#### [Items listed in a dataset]
- - - - -
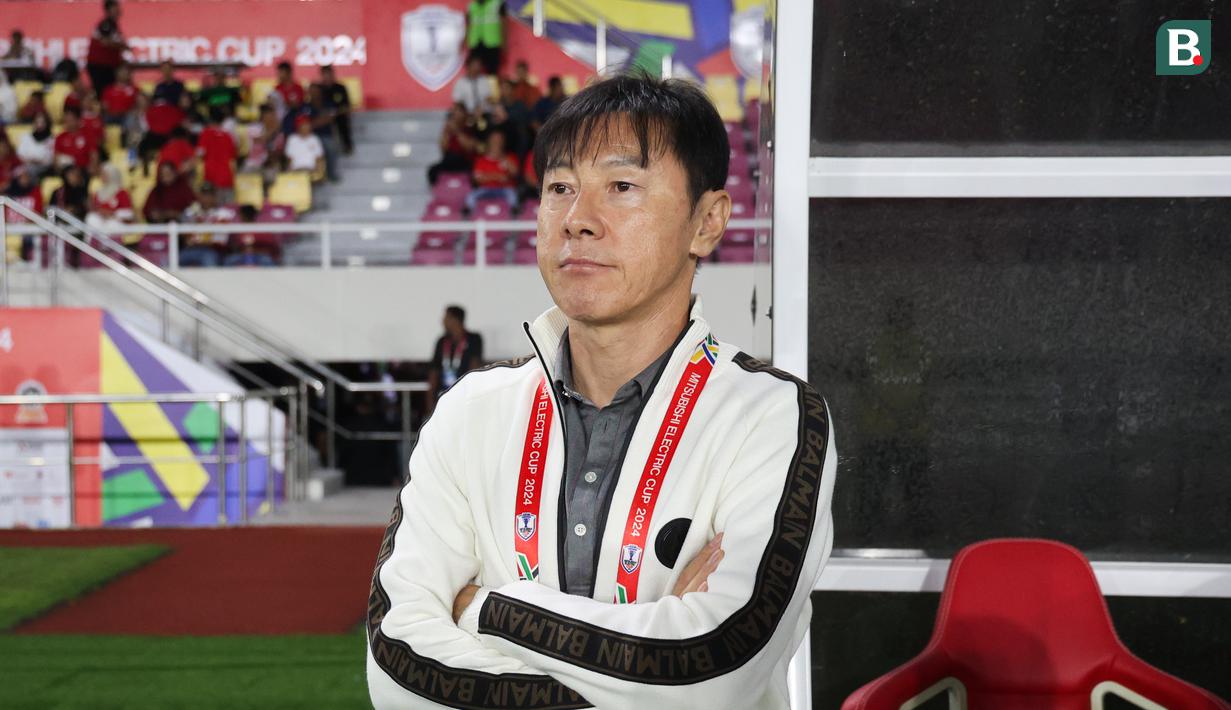 <p>Pelatih Timnas Indonesia, Shin Tae-yong saat laga Grup B Piala AFF 2024 melawan Filipina yang berlangsung di Stadion Manahan, Solo, Jawa Tengah, Sabtu (21/12/2024). (Bola.com/Abdul Aziz)</p>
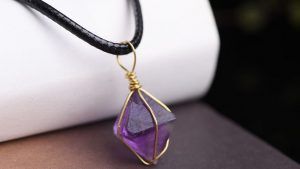 Подвески с флюоритом: какие бывают, как выбрать и носить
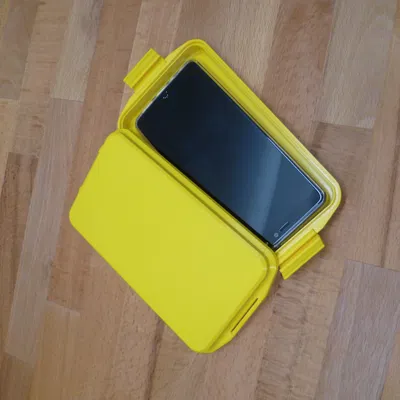 Hộp bảo vệ smartphone cho ba lô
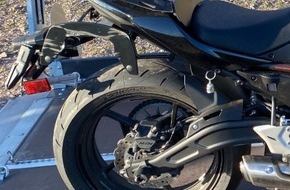 Polizeidirektion Landau: POL-PDLD: Gleisweiler - Motorradfahrerin verliert die Kontrolle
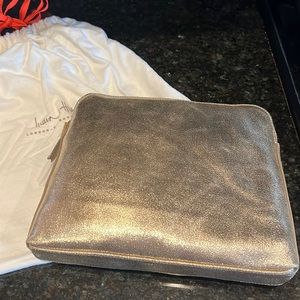 NWT India Hicks Insider in Gold Metallic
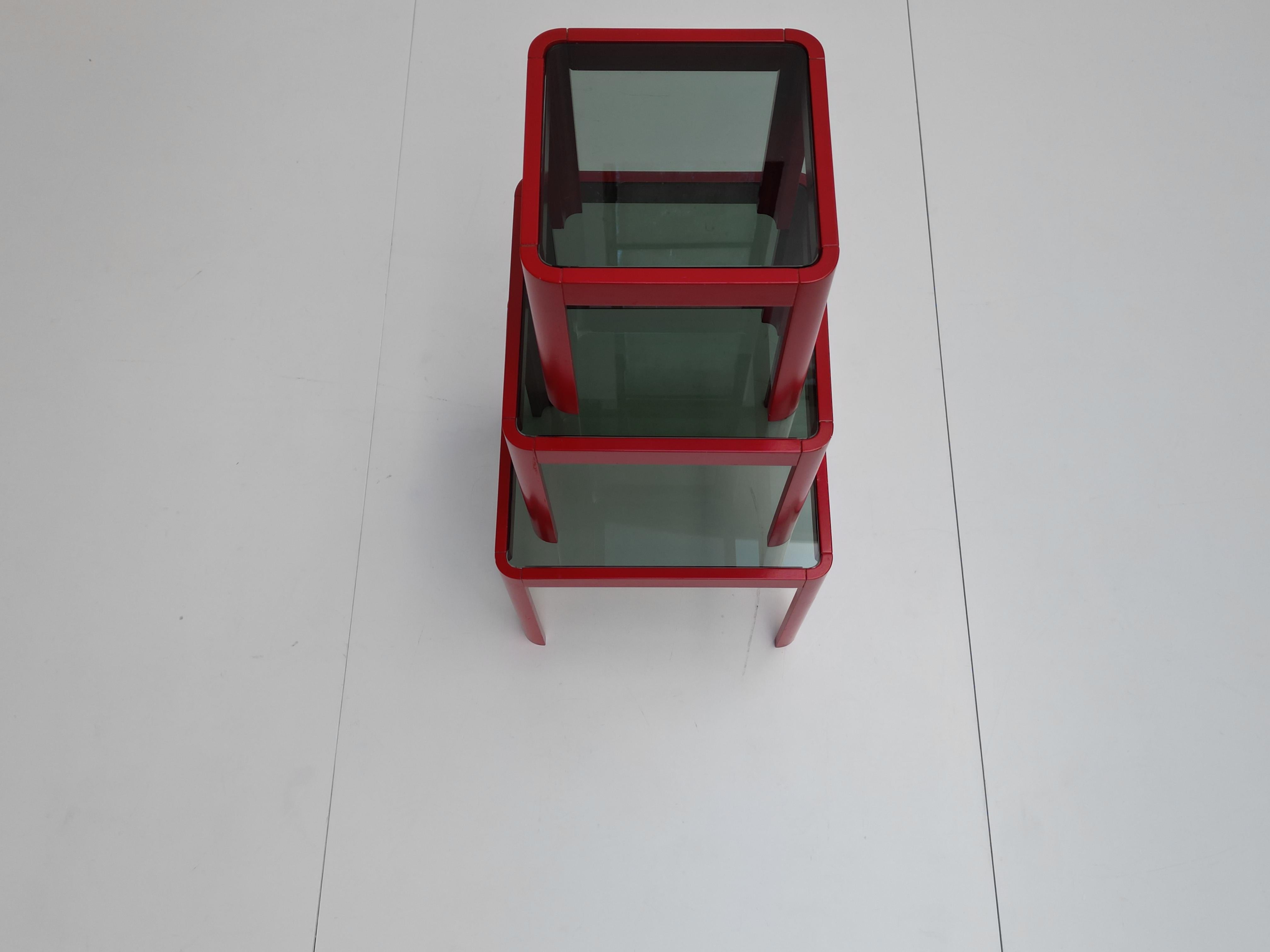 Stapeltische im italienischen Porada-Stil der 1970er Jahre aus rot lackierter Esche und Rauchglas im Angebot 5
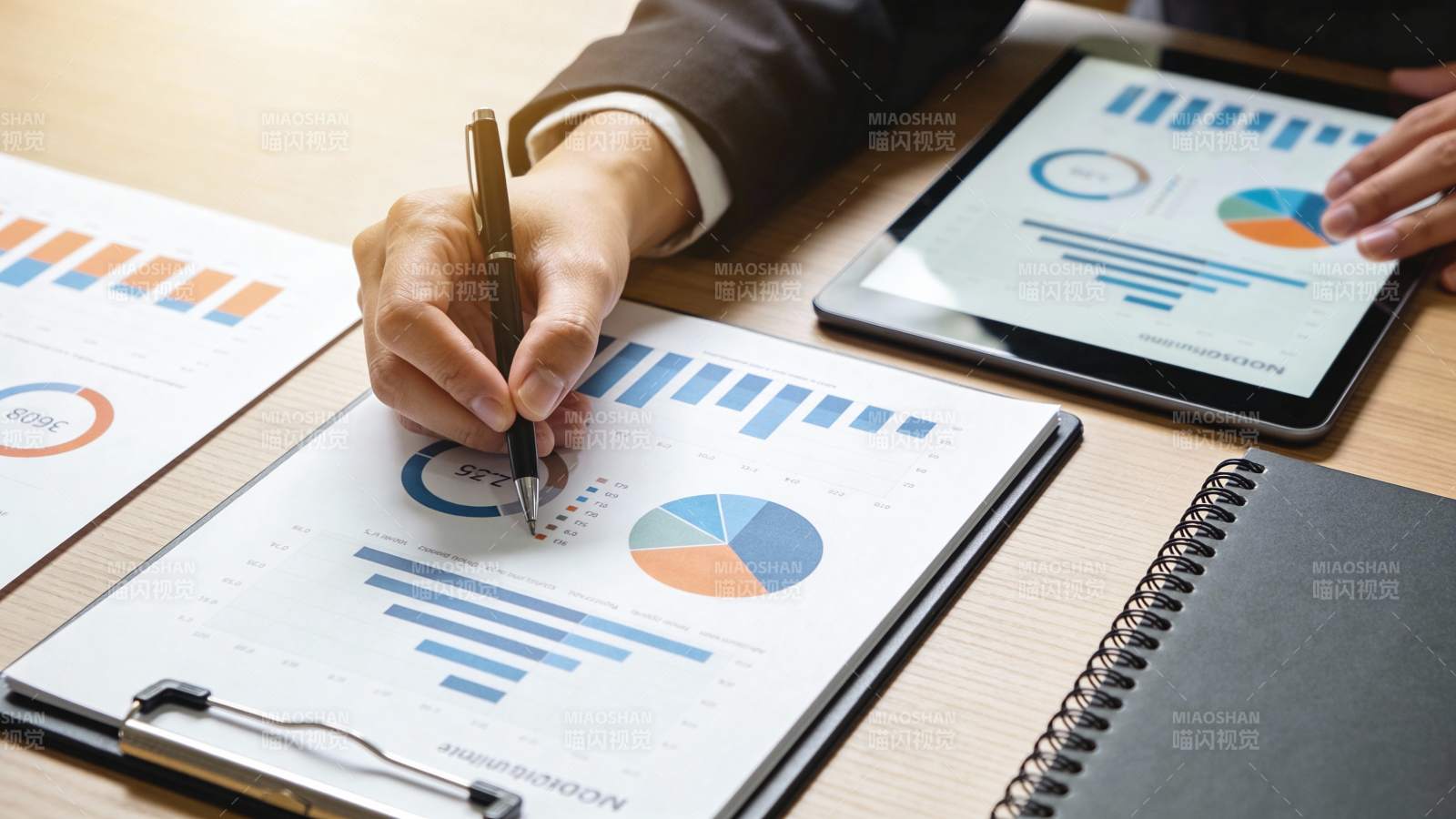 数据分析与决策会议图片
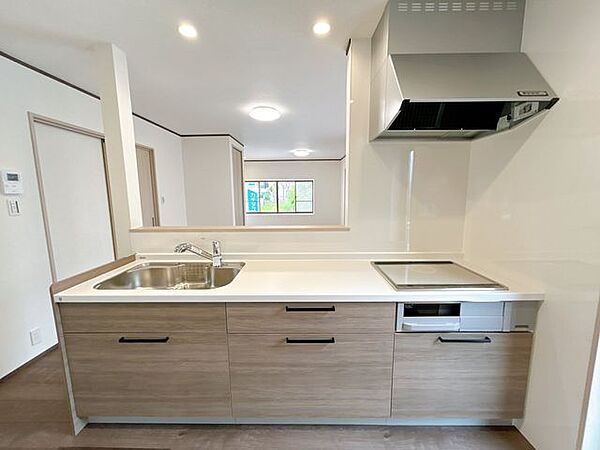 【リフォーム済】キッチン　システムキッチン交換、壁・天井クロス張替、床フローリング重張、照明器具交換。 対面型なので、ご家族と会話しながらお料理を楽しめますね。\t\t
- - - - -
Transcribe the lines that run from the line bearing "Stapeltische im italienischen" through the last line of the data. Keep the wording exact and leave out every picture.

 Stapeltische im italienischen Porada-Stil der 1970er Jahre aus rot lackierter Esche und Rauchglas im Angebot 5
 数据分析与决策会议图片
 【リフォーム済】キッチン　システムキッチン交換、壁・天井クロス張替、床フローリング重張、照明器具交換。 対面型なので、ご家族と会話しながらお料理を楽しめますね。\t\t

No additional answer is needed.